In the early 1990’s the UN rid Iraq of chemical weapons. But in 2003 a US-led military campaign toppled the regime and Saddam Hussein was eventually hanged. In 2007 Libya gave up its Weapons of Mass Destruction (WMD) programmes and Moammar Gadhafi was literally embraced by Tony Blair and welcomed into the club of acceptable leaders. Yet, in 2011, NATO forces – albeit with a UN mandate – led an attack Libya in support of a popular uprising, and Gaddafi was eventually beaten to death.
On the other hand, even when the US until recently planned to attack Syria – citing the use of WMD as justification – it threatened only limited strikes. Furthermore, North Korea – arguably the most “rogue” of all the “rogue states” – has had the bomb since 2006 and despite being one of George Bush’s “Axis of Evil’ states, it has avoided any military attack.

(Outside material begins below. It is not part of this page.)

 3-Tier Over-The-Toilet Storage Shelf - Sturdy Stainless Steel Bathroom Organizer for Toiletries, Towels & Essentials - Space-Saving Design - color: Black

Not withstanding the fact that both Saddam and Gaddafi were brutal and oppressive dictators, and violent demise was probably all that they deserved, for those at the helm of the rest of the world’s “rogue states”, isn’t the lesson from these events simply that: there is no security at all without WMD.
Thus: it is probably safe to assume that Mr. Asad will stall on the actual disarmament of his WMDs for as long as he can. It’s also very unlikely that we’ll see any more voluntary disarmament comparable to Gadhafi’s again anytime soon.